● **The problem**
Below is a listing. Return the lines from the one that contains "Localización del accidentado" to the one that contains "Collectie zeldzame lemax", both ends included, verbatim and with no pictures.

● **Entries provided**
....

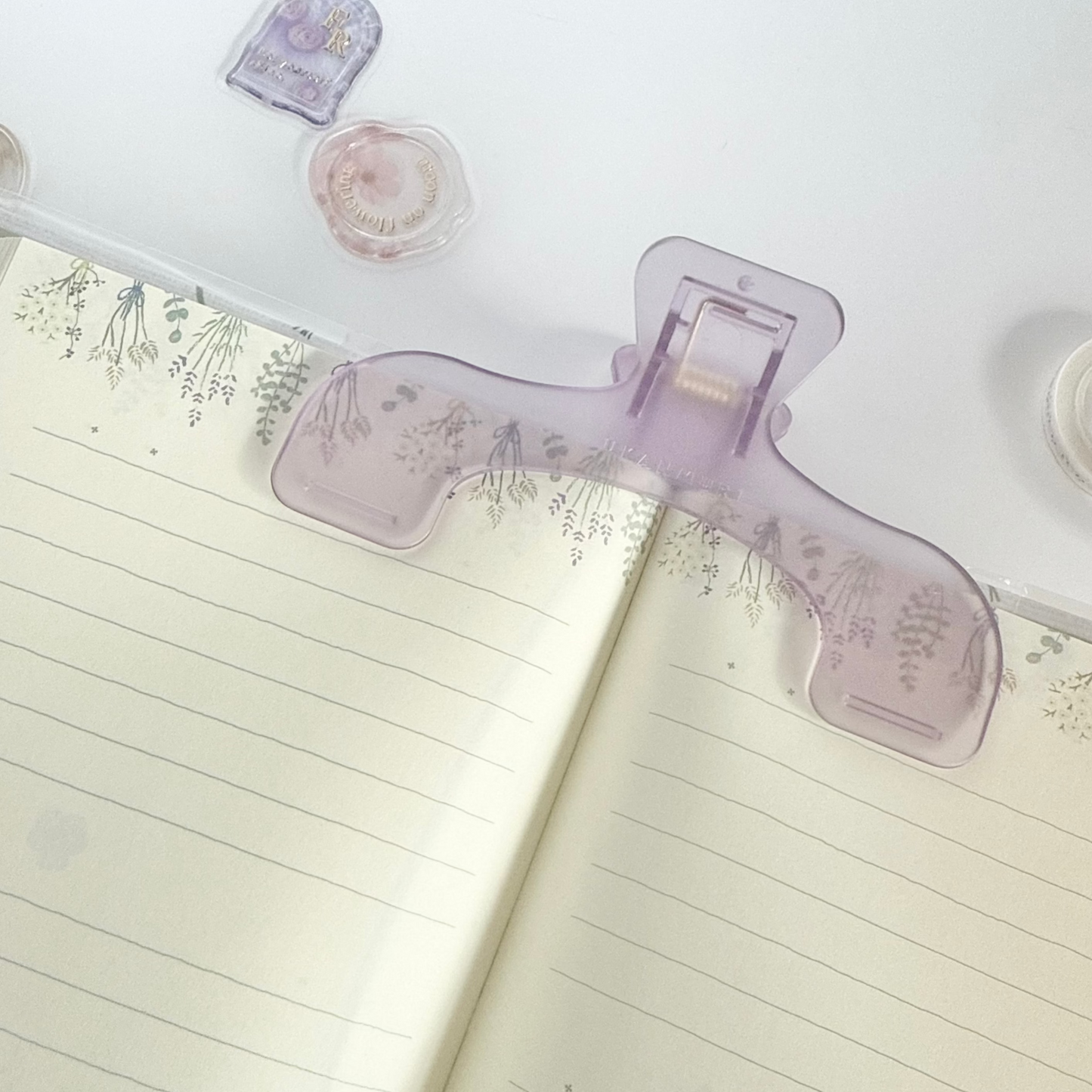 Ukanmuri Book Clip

....

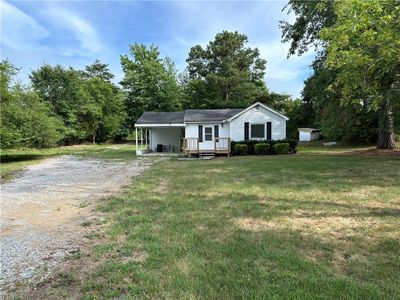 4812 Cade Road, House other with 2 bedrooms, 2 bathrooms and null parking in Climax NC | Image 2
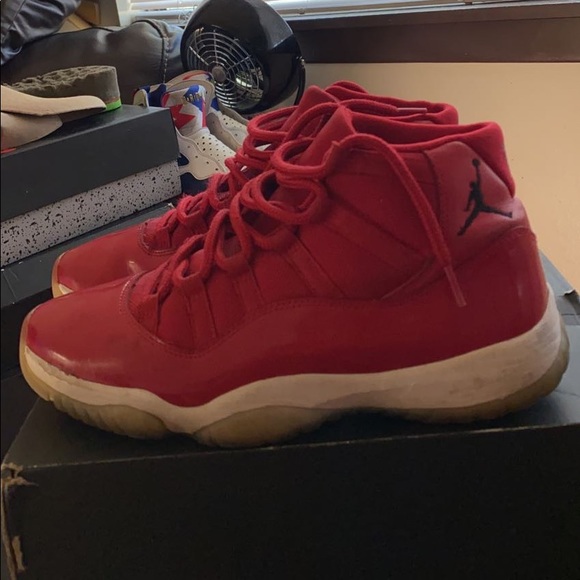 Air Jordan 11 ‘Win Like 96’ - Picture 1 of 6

....

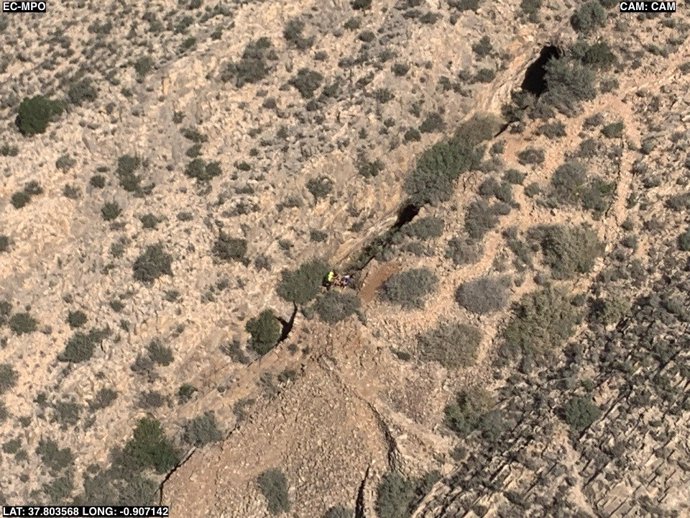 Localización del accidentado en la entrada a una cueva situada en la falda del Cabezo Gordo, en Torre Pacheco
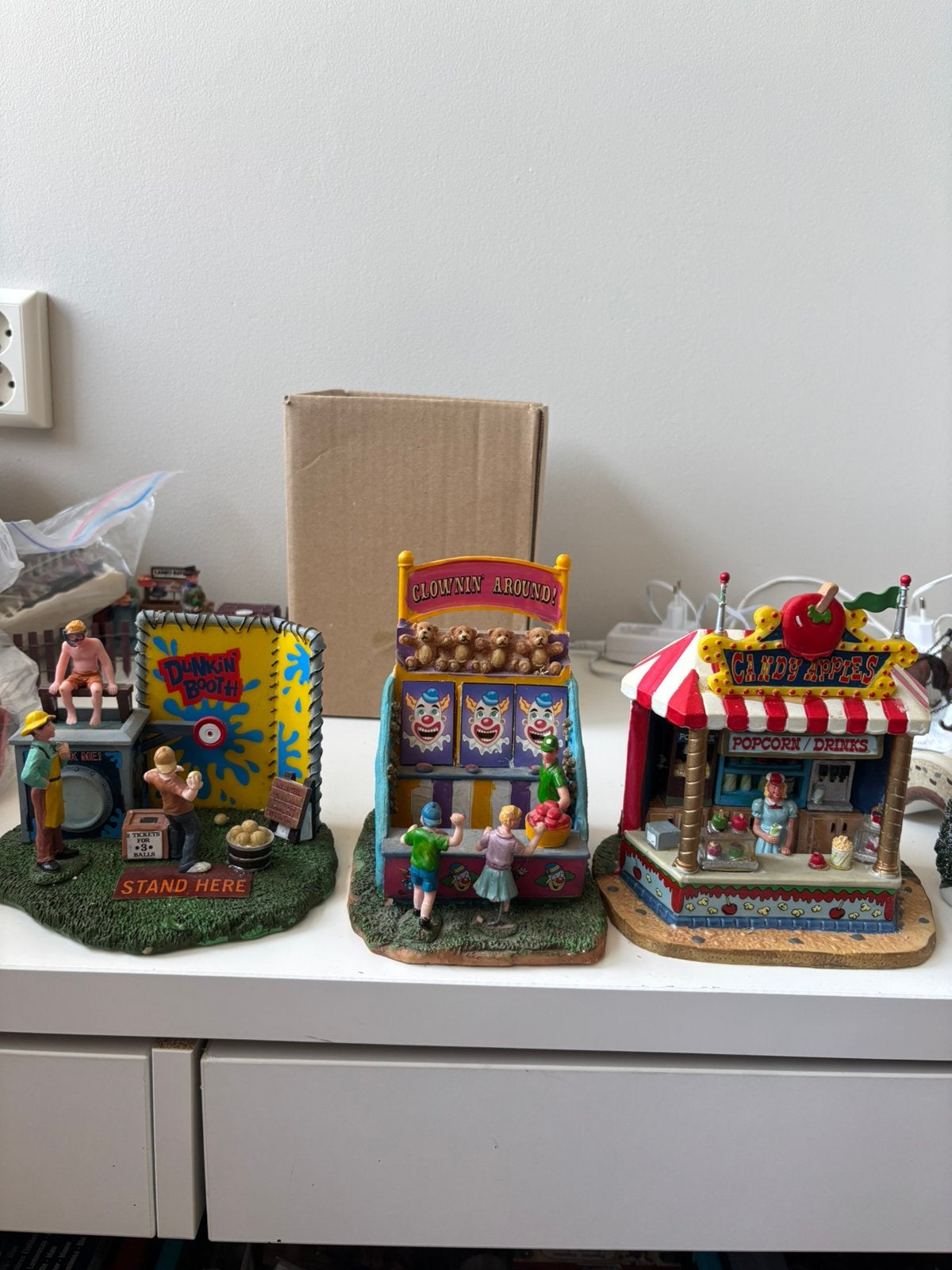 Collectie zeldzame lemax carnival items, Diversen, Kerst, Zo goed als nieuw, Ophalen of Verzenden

....

● **Result of this exercise**
 Localización del accidentado en la entrada a una cueva situada en la falda del Cabezo Gordo, en Torre Pacheco
 Collectie zeldzame lemax carnival items, Diversen, Kerst, Zo goed als nieuw, Ophalen of Verzenden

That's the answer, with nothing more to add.